PDA

View Full Version : Performance Tests



Charles Pegge
21-03-2009, 08:54
' Test of loop optimization with Oxygen
uses "Console", "Oxygen"

dim T1 as quad
dim T2 as quad

dim p0,p1,p2 as dword
dim src as string

' -- Prepare Oxygen script

src = "

function Calculate_basic(c as long) as long at #p1
local ic, jc as double, i as long
'
'
'BASIC VERSION
'
for i=1 to c
ic = sin(i)
jc = cos(i)
next
end function


'


function Calculate_asm(c as long) as long at #p2
local ic, jc as double, i as long
'
'ASSEMBLER VERSION
'
'
dim a=&c
mov eax,a
mov edx,[eax]
fld1
fld1
(
fsincos
fstp qword jc
fstp qword ic
fld1
faddp st(1),st(0)
fld st(0),st(0)
dec edx
jg repeat
)
fcomp st(0),st(0)
'
end function

sub finish() at #p0
terminate
end sub
"

o2_basic src
if len(o2_error) then
msgbox 0, o2_error : stop
end if
o2_exec


dim c as long=1000000

declare function Calculate_o2bas(c as long) as long at p1
declare function Calculate_o2asm(c as long) as long at p2
declare sub finish () at p0

printl "SPEED BENCHMARKS:"
printl ""
printl "Double precision Sin & Cos Test: loops=" & c
printl ""

doevents(off)

hirestimer_init

T1 = hirestimer_get
Counter c
T2 = hirestimer_get

printl "Script: microSecs:" & $tab & FORMAT$(T2 - T1, "#,")

T1 = hirestimer_get
Calculate_o2bas c
T2 = hirestimer_get

printl "Compiled: microSecs:" & $tab & FORMAT$(T2 - T1, "#,")

T1 = hirestimer_get
Calculate_o2asm c
T2 = hirestimer_get

printl "Assembler: microSecs:" & $tab & FORMAT$(T2 - T1, "#,")

finish
waitkey

function Counter( MaxCount as long ) as long
local ic, jc as double,i as long
For i = 1 To MaxCount
jc = sin(i)
jc = cos(i)
Next
end function


Correction to Assembly code

Charles Pegge
21-03-2009, 13:38
Double precision square.
In this case the difference is more extreme!

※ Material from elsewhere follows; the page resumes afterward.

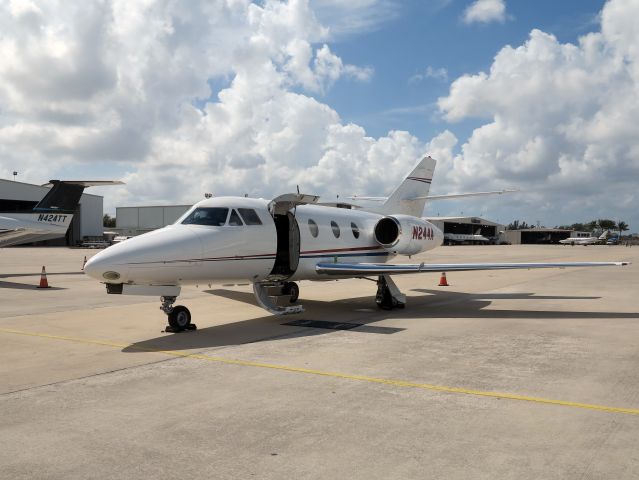 Dassault Falcon 10 (N244A) - Very nice, fast aircraft.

' Test of loop optimization with Oxygen
uses "Console", "Oxygen"

dim T1 as quad
dim T2 as quad

dim p0,p1,p2 as dword
dim src as string

' -- Prepare Oxygen script

src = "

function Calculate_basic(c as long) as long at #p1
local ic, jc as double, i as long
'
'
'BASIC VERSION
'
for i=1 to c
ic = i*i
next
end function


'


function Calculate_asm(c as long) as long at #p2
local ic, jc as double, i as long
'
'ASSEMBLER VERSION
'
'
dim a=&c
mov eax,a
mov edx,[eax]
fld1
fld1
(
fmul st(0),st(0)
fstp qword ic
fld1
faddp st(1),st(0)
fld st(0),st(0)
dec edx
jg repeat
)
fcomp st(0),st(0)
'
end function

sub finish() at #p0
'print `This neither`
terminate
end sub
"

o2_basic src
if len(o2_error) then
msgbox 0, o2_error : stop
end if
o2_exec


dim c as long=1000000

declare function Calculate_o2bas(c as long) as long at p1
declare function Calculate_o2asm(c as long) as long at p2
declare sub finish () at p0

printl "SPEED BENCHMARKS:"
printl ""
printl "Double precision square Test: loops=" & c
printl ""

doevents(off)

hirestimer_init

T1 = hirestimer_get
Counter c
T2 = hirestimer_get

printl "Script: microSecs:" & $tab & FORMAT$(T2 - T1, "#,")

T1 = hirestimer_get
Calculate_o2bas c
T2 = hirestimer_get

printl "Compiled: microSecs:" & $tab & FORMAT$(T2 - T1, "#,")

T1 = hirestimer_get
Calculate_o2asm c
T2 = hirestimer_get

printl "Assembler: microSecs:" & $tab & FORMAT$(T2 - T1, "#,")

finish
waitkey

function Counter( MaxCount as long ) as long
local ic, jc as double,i as long
For i = 1 To MaxCount
ic = i*i
Next
end function

ErosOlmi
03-04-2009, 15:29
Dear Charles,

I'm working on next thinBasic 1.7.8.0 and your latest thinBasic_Oxygen.dll
I'm having GPF problems in testing your speed test scripts. It seems function "Calculate_asm" GPF when it reach "jg repeat"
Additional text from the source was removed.